Beginning at the top of the entries below, retype each line exactly until the line containing "Una habitación de" has been written out; include no pictures and no later lines.
* * * *
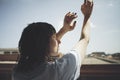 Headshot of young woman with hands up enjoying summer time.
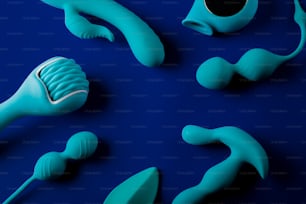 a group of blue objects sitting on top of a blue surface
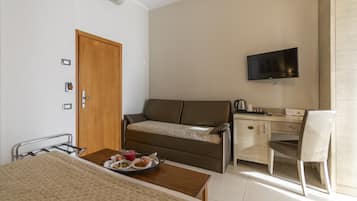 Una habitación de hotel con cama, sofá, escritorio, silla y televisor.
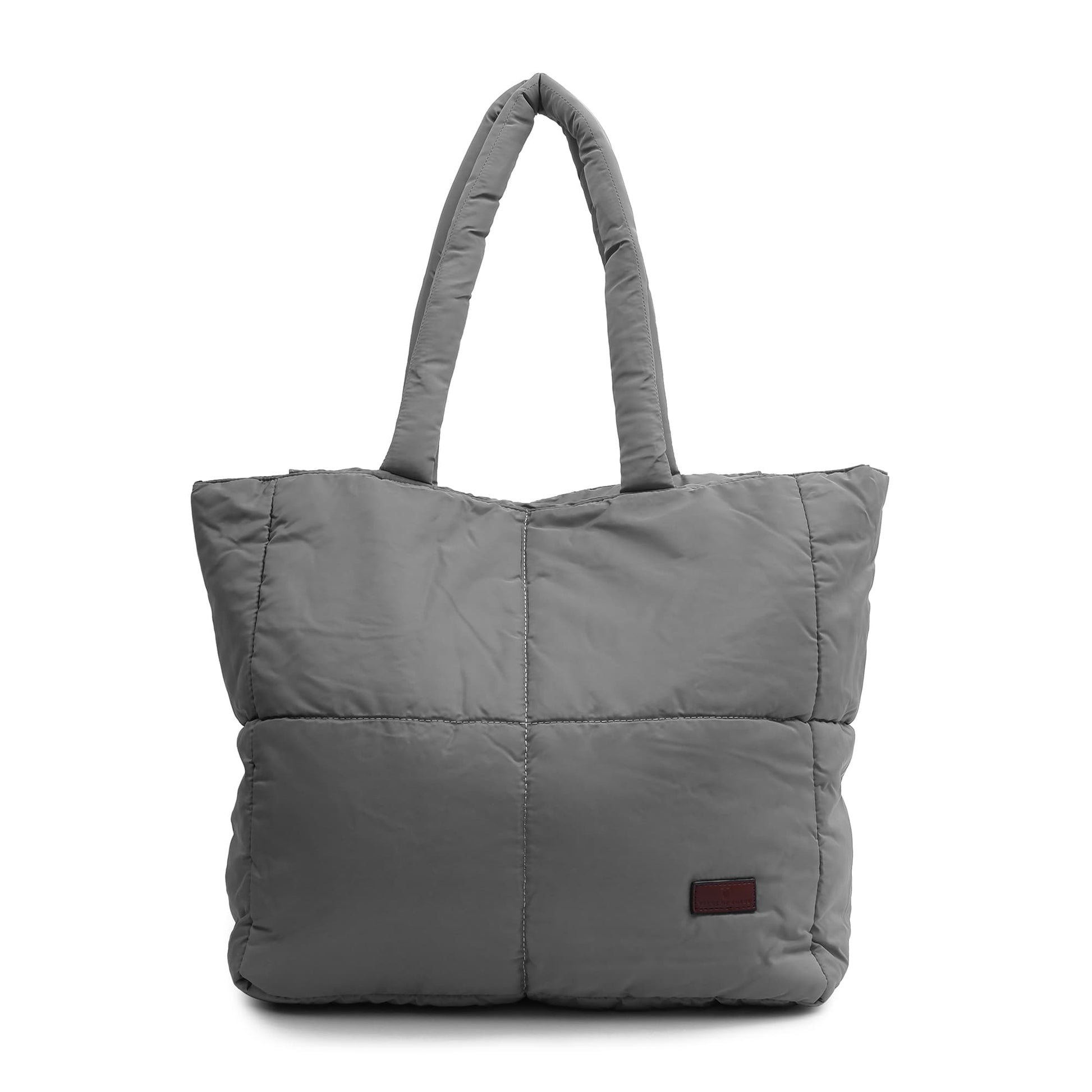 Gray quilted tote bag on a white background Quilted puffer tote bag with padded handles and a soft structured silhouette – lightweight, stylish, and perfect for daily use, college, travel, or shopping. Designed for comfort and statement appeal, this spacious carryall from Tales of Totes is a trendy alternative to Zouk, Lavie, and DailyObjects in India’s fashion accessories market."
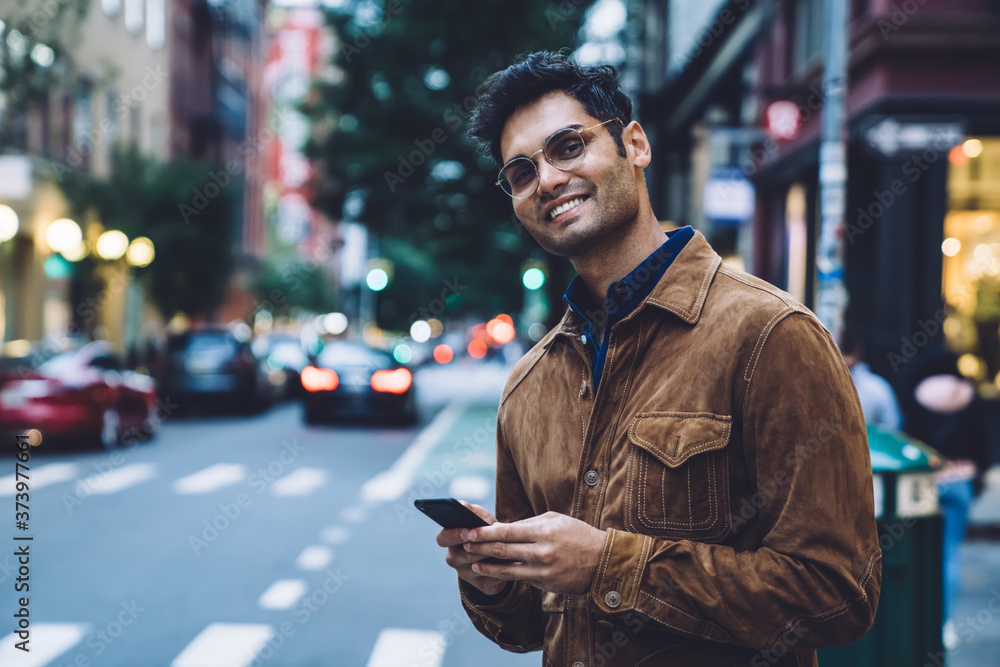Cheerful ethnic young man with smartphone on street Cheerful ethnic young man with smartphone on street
* * * *
# [RESPONSE BELOW]
 Headshot of young woman with hands up enjoying summer time.
 a group of blue objects sitting on top of a blue surface
 Una habitación de hotel con cama, sofá, escritorio, silla y televisor.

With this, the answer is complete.